What is expected => Copy nothing but the lines from the one containing "Soft Silicone Band" through the last line of the records, repeated exactly and without pictures.

Information supplied =>

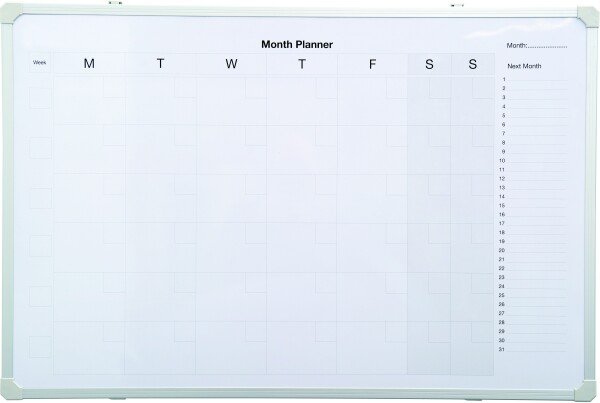 Spaceright Monthly Planner Magnetic White Board - 900 x 600mm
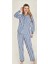 Freshness 4007 Kadın Uzun Kol Çizgili Gaffuriye Pijama Takımı - Mavi - L 1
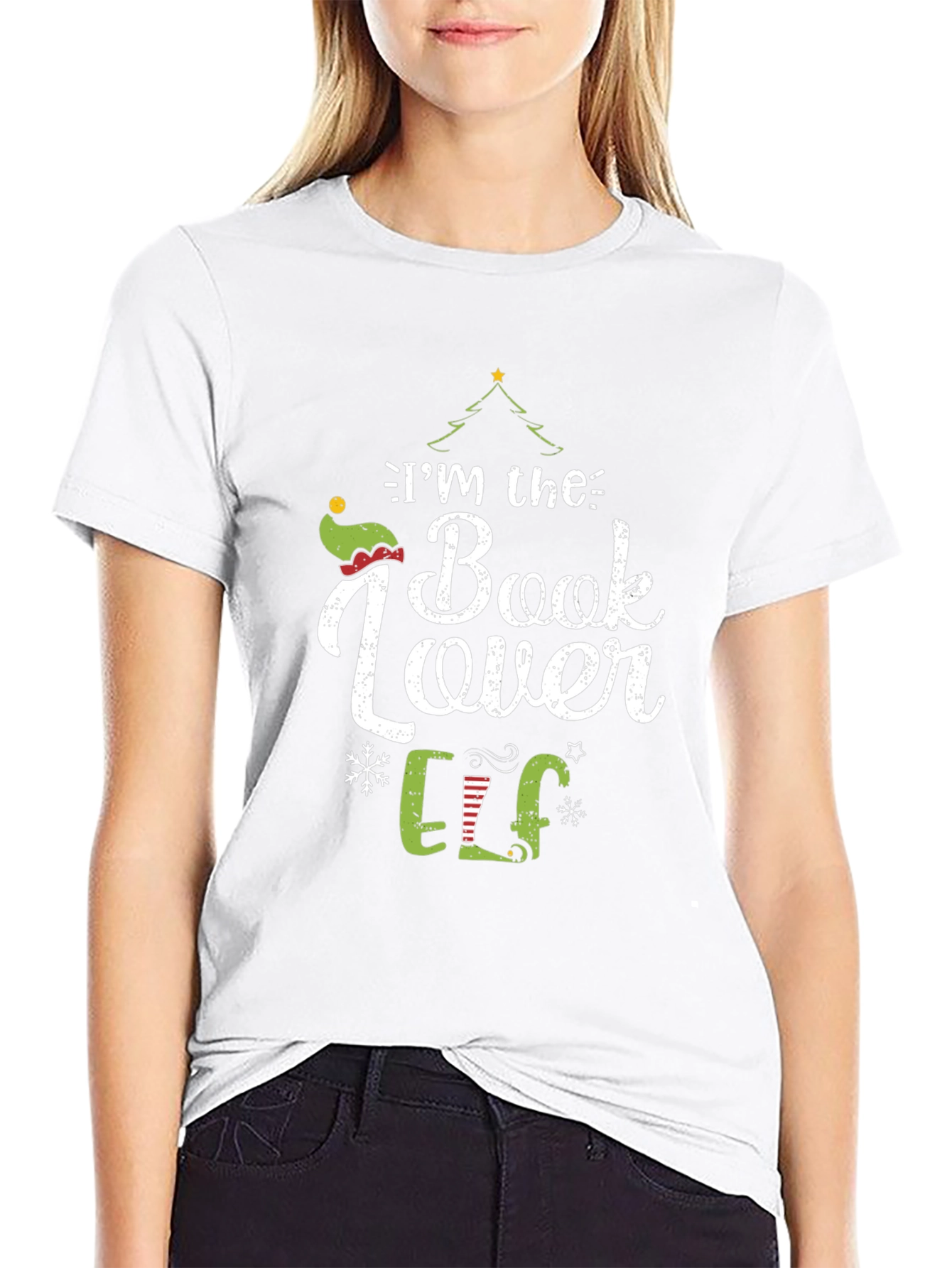 Im the Book Lover Elf Christmas T-Shirt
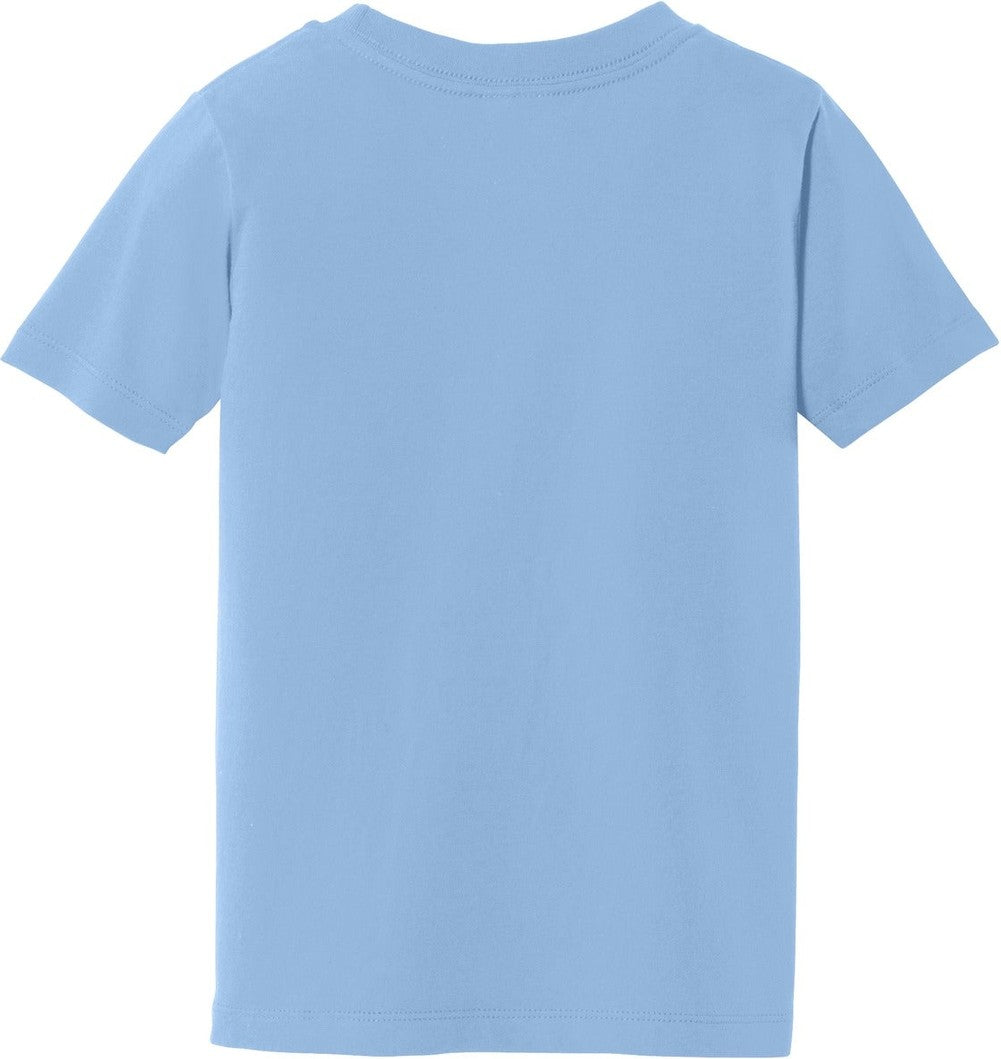 Front View of Light Blue Port & Co Toddler Fan Favorite Tee. PC450TD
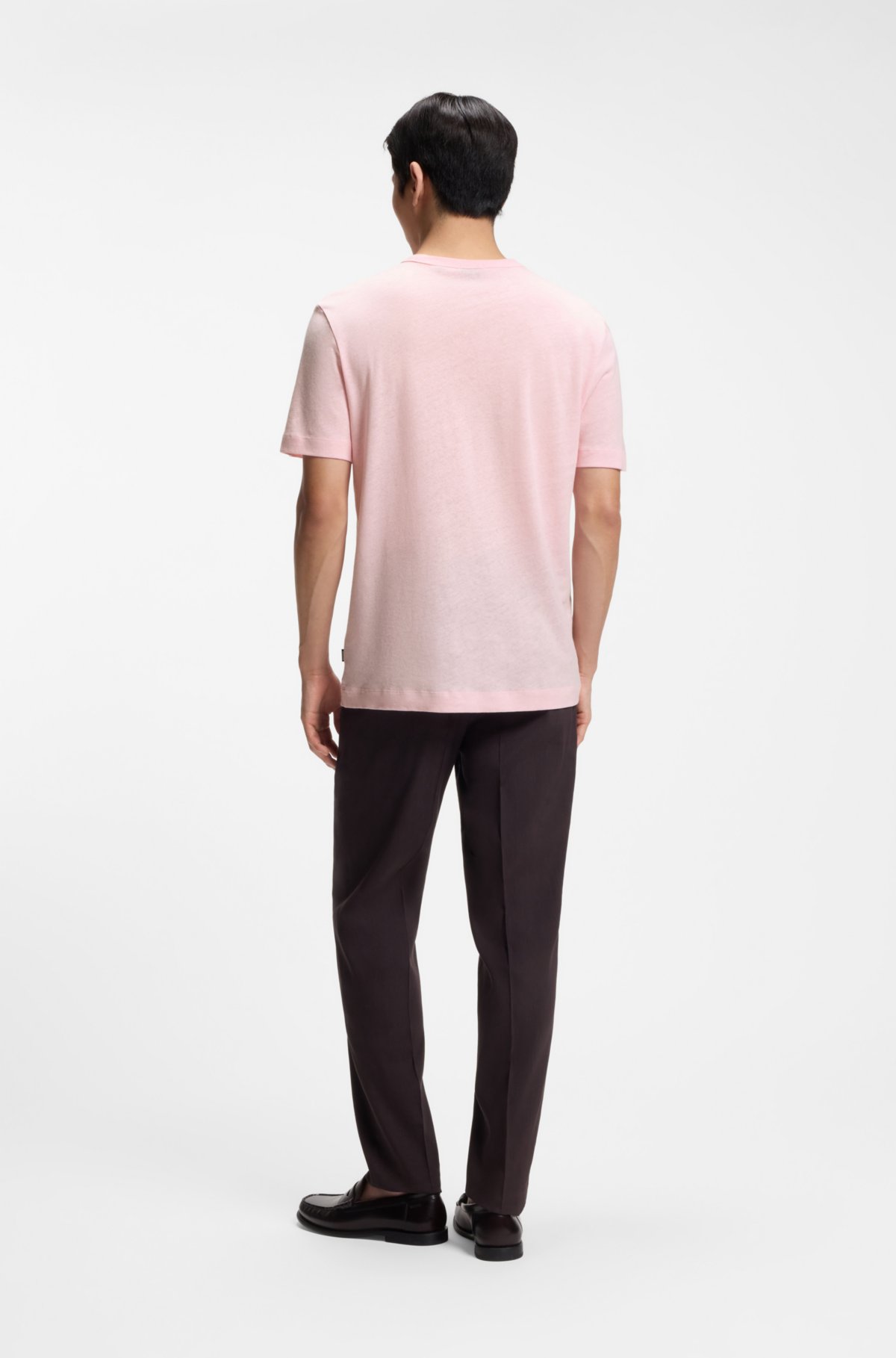 Camiseta de algodón y lino con corte recto
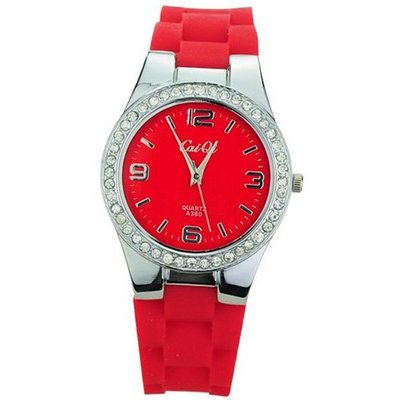 Soft Silicone Band Round Dial Rhinestones Big Scale Quartz Movement -Red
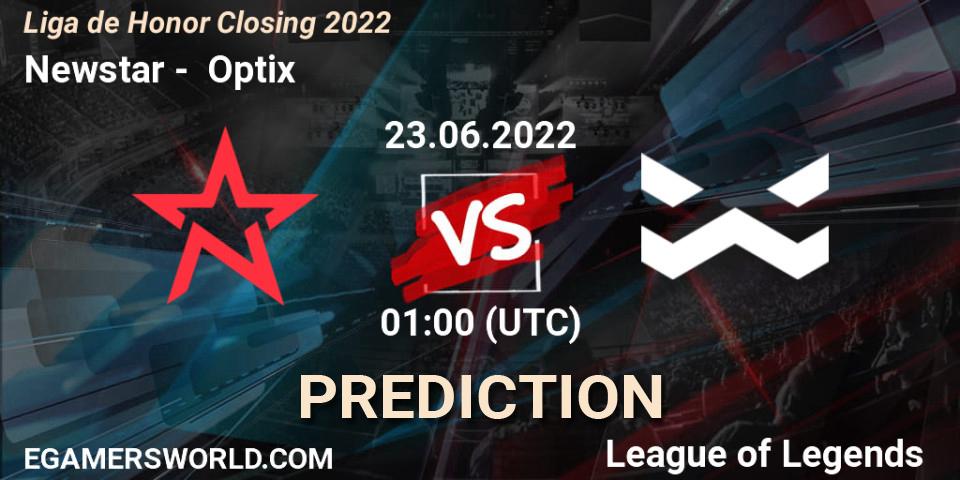 Newstar - Optix: ennuste. 23.06.22, LoL, Liga de Honor Closing 2022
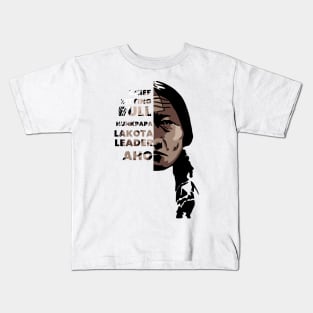 Sitting Bull Native American Half Face Design Kids T-Shirt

Answer to this task =>
 Soft Silicone Band Round Dial Rhinestones Big Scale Quartz Movement -Red
 Newstar - Optix: ennuste. 23.06.22, LoL, Liga de Honor Closing 2022
 Sitting Bull Native American Half Face Design Kids T-Shirt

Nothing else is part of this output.